Corporate Accountability

AbbVie v. Department of Health and Human Services

In AbbVie v. Department of Health and Human Services, the United States District Court for the District of Columbia is considering whether the Inflation Reduction Act’s Medicare drug price negotiation program is an unconstitutional taking of drug manufacturers’ property.

Case Summary

While other federal agencies that purchase pharmaceutical products negotiate with manufacturers to determine the prices they pay, in 2003, Congress created a sweetheart deal for the pharmaceutical industry when it prevented Medicare from negotiating prices. This essentially allowed the pharmaceutical industry to name its price when selling drugs to Medicare.

In 2022, with the cost of prescription drugs on the rise, Congress revoked this deal in the Inflation Reduction Act, creating a drug pricing negotiation program for the most common and expensive prescription drugs covered by Medicare. Under the negotiation program, CMS determines an initial price offer, then refines it through information supplied by the manufacturer. The manufacturer can then accept the offer or take one of three options: it can continue selling its product through Medicare at the old price and pay an excise tax, it can stop offering its portfolio of products to Medicare and Medicaid, or it can transfer its interests in the drug selected for negotiation to another manufacturer and continue selling the rest of its portfolio to Medicare and Medicaid at prices of its choosing. In short, the drug manufacturers can no longer unilaterally name a price that the government must accept.

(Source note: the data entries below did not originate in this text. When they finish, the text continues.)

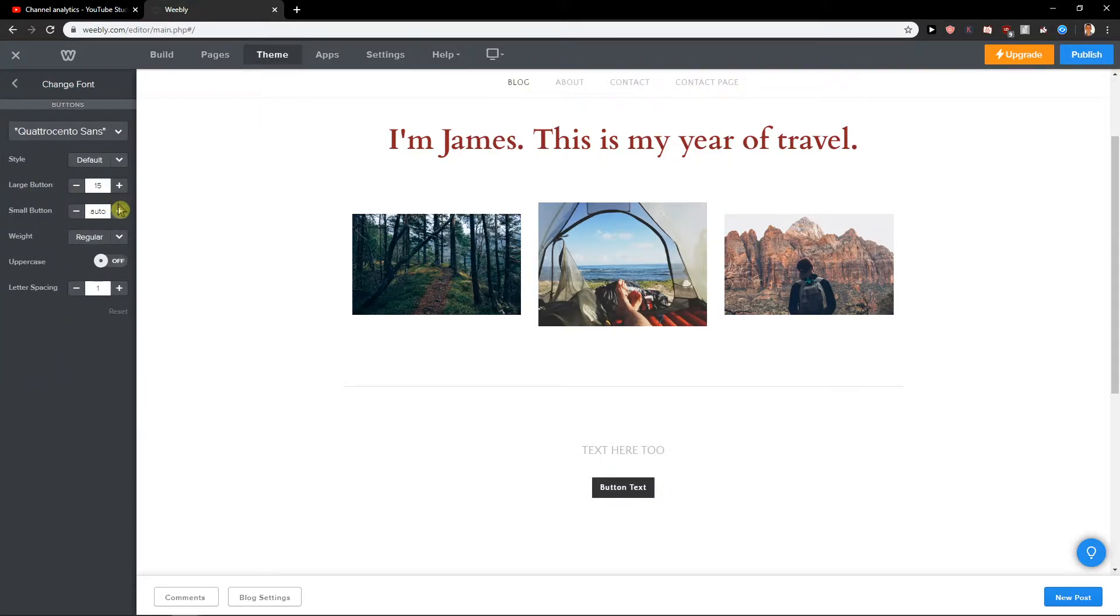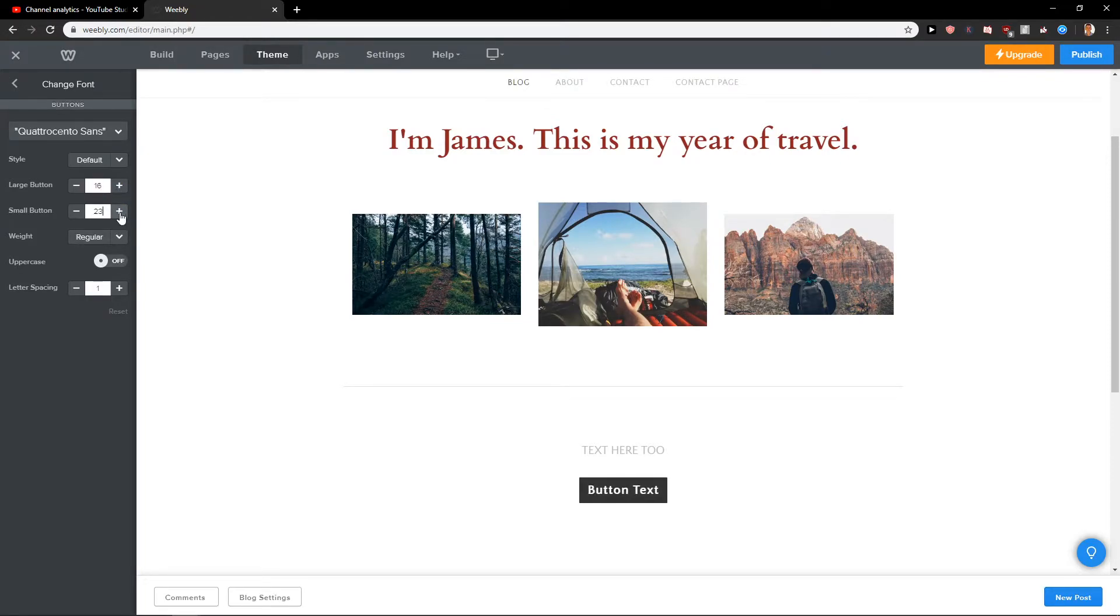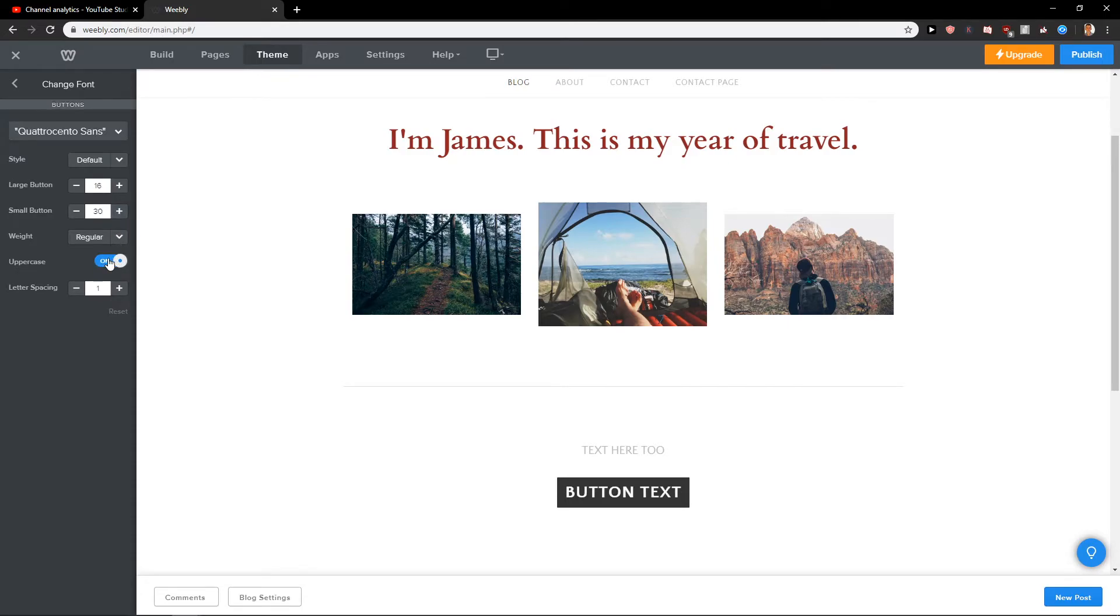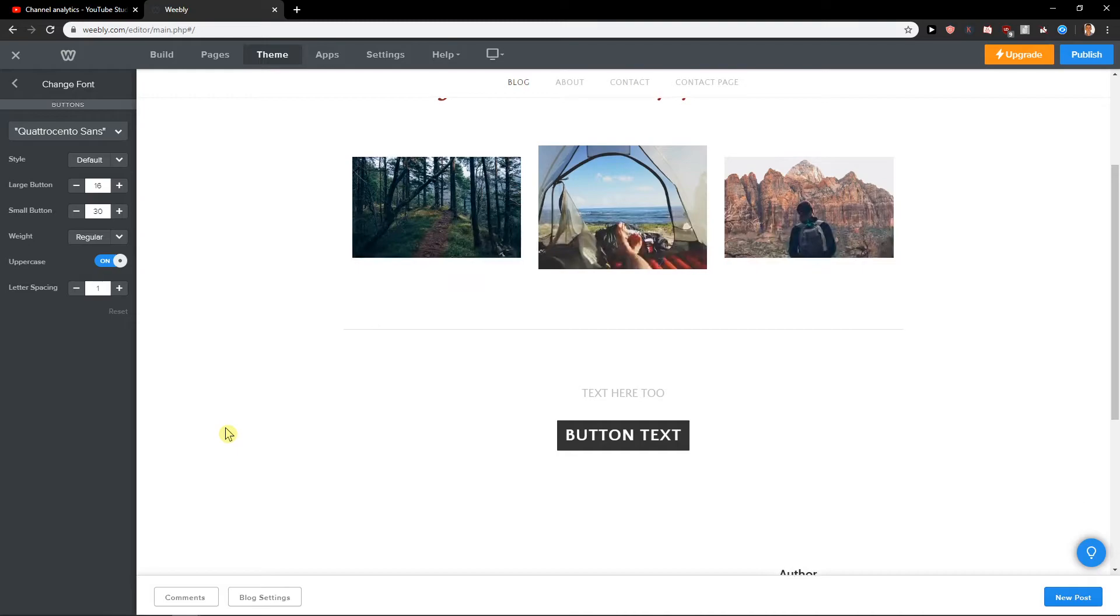In Buttons you are going to see your large button or small button and just increase easily the button or also you can make it uppercase. So that's like another thing that you can do.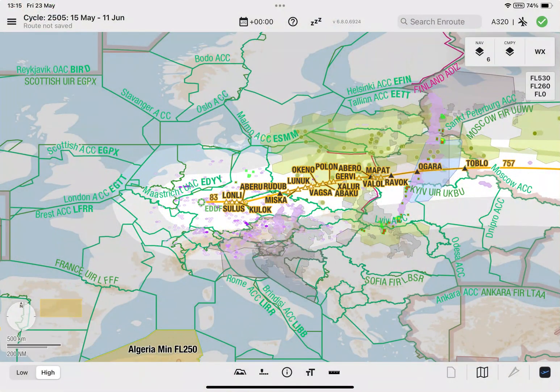Welcome to the GPS interference tutorial for Lido M-Pilot version 6.8. With this Lido M-Pilot release, you can display two types of GPS interference information — GPS jamming and GPS spoofing — on the enroute map.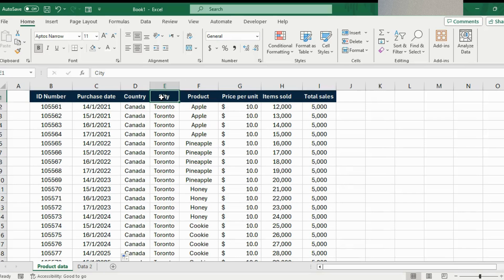If you find yourself in front of a computer looking at spreadsheets often, these 20 must-know Excel shortcuts will hopefully save you hours of time.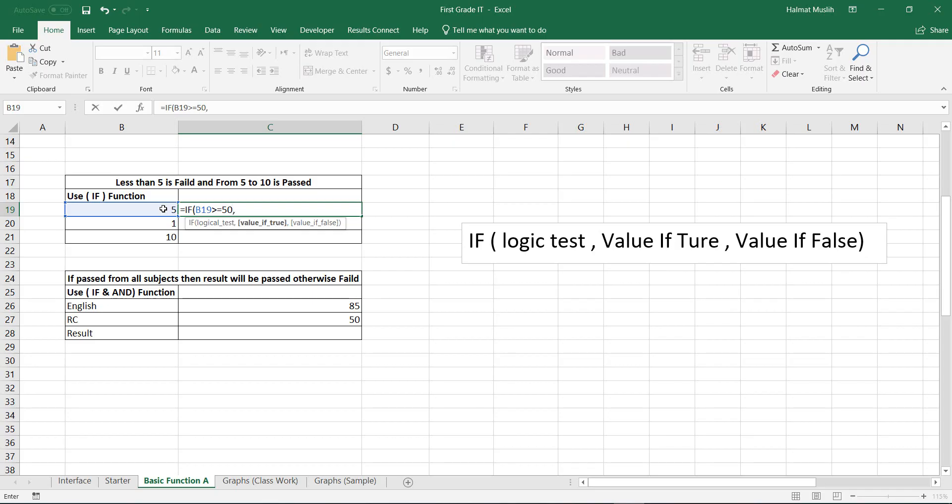If the result will be passed, comma. Otherwise it will be failed. Close the bracket and press enter.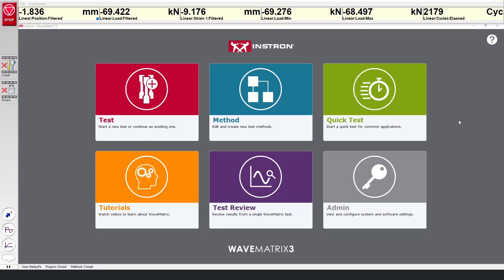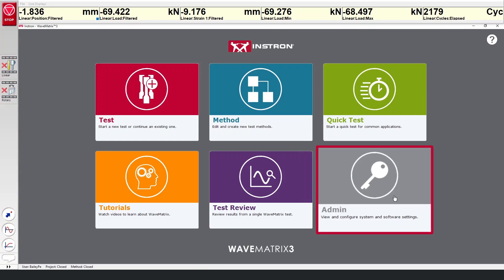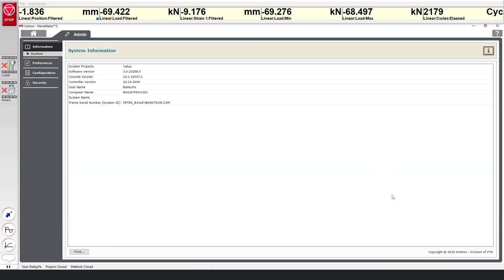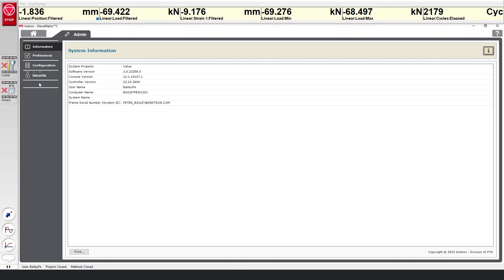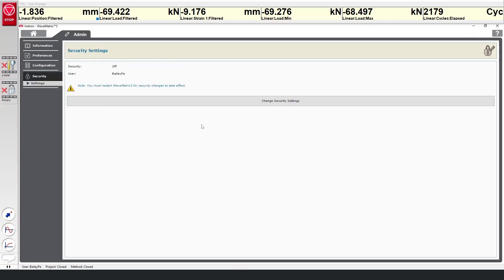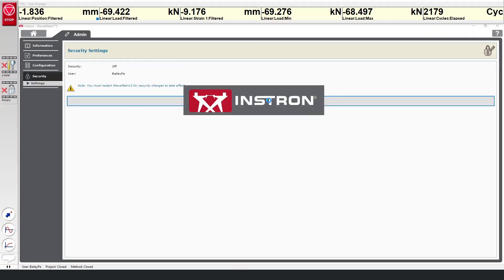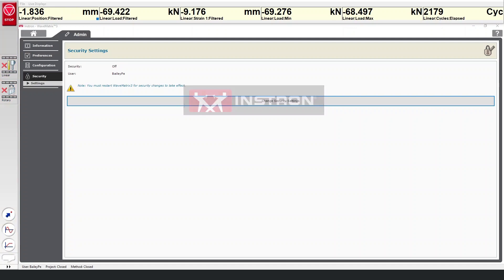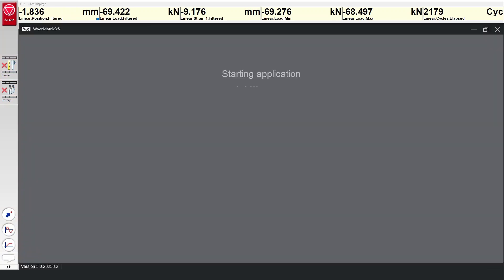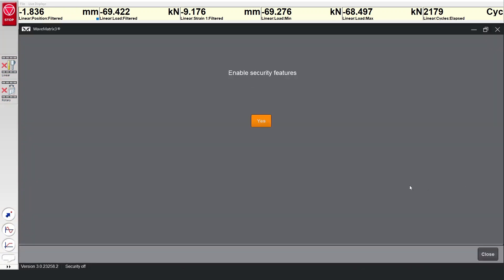To enable the access control feature in Wavematrix, go to the admin area from the home screen, then select Security and click the button to launch Security Management in a new window. Now click to enable security features.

Drug manufacturer AbbVie sued the federal government, claiming that the program was forcing it to sell its products to the government in violation of the Fifth Amendment’s Takings Clause. In June 2026, CAC filed an amicus brief in the district court for the District of Columbia in support of the government, explaining why the drug manufacturer’s Takings Clause claim is at odds with constitutional text and history.

As originally understood, the Takings Clause only applied to the direct appropriation of physical property. Initially drafted to prevent the kinds of lawless requisitioning of property that was widespread in the Continental Army during the American Revolution, it was also motivated by the Framers’ concern that the people would seize land from the wealthy landowning class. The Framers of the Clause, including its drafter James Madison, understood that the Clause would have a limited scope, applying only to the actual seizure of property, not any regulation that affects a property’s worth. As Justice Scalia once wrote, “early constitutional theorists did not believe the Takings Clause embraced regulations of property at all.”

Beginning in the late nineteenth century, the Supreme Court somewhat expanded the scope of the Clause, but even in those cases, it continued to limit it to the functional equivalent of the involuntary physical appropriations of property. Moreover, even as the Court held that some regulatory programs can run afoul of the Clause, it made clear that regulatory programs can only constitute a taking if they compel participation. In other words, a taking must be involuntary.

AbbVie’s argument that the program is an unconstitutional taking is wrong. To start, the program is not a physical taking because it does not authorize the physical taking of a single product. AbbVie retains full legal rights over all their pharmaceutical products, and they remain free to sell any of their products to any other buyers in the world, at any price, in any quantity. The program simply allows Medicare to play a role in deciding what prices it is willing to pay. AbbVie also argues that because choosing not to participate in the program could result in its exclusion from Medicare and Medicaid, any choice about whether to participate in the program is illusory. But the fact that it might not like the choice does not make it any less a choice.

Quite simply, the Constitution does not entitle drug manufacturers to maintain their bottom line by dictating the prices Medicare must pay.

Case Timeline

  • June 30, 2026

    CAC files amicus brief in the District Court for the District of Columbia.